● **Data listing**
·····
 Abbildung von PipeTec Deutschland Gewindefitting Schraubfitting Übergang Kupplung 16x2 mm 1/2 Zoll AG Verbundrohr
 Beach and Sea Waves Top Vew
·····
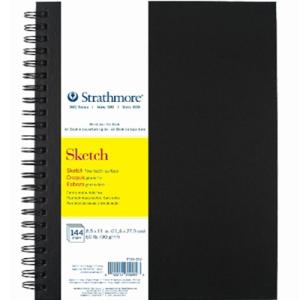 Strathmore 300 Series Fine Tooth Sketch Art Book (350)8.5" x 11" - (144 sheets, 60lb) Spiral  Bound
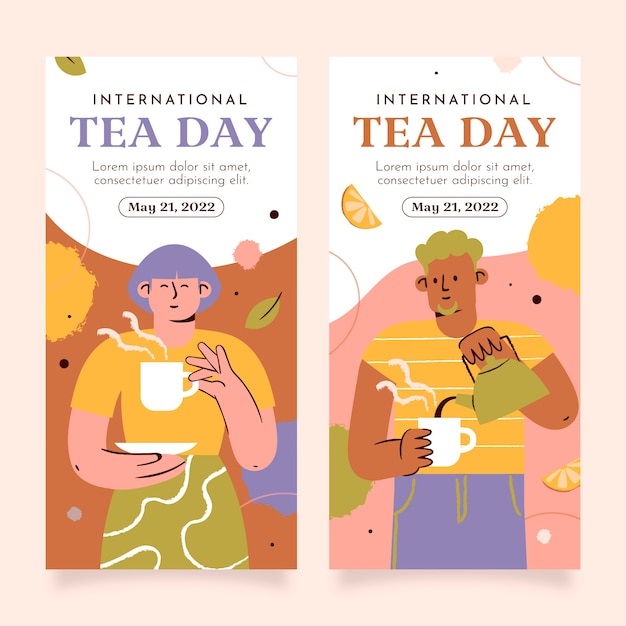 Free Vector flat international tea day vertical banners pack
·····
● **Exercise requirements**
Could you return exactly the lines above from the line with "Abbildung von PipeTec" to the line with "Beach and Sea Waves Top Vew", both included, and nothing else?

● **Response to this task**
 Abbildung von PipeTec Deutschland Gewindefitting Schraubfitting Übergang Kupplung 16x2 mm 1/2 Zoll AG Verbundrohr
 Beach and Sea Waves Top Vew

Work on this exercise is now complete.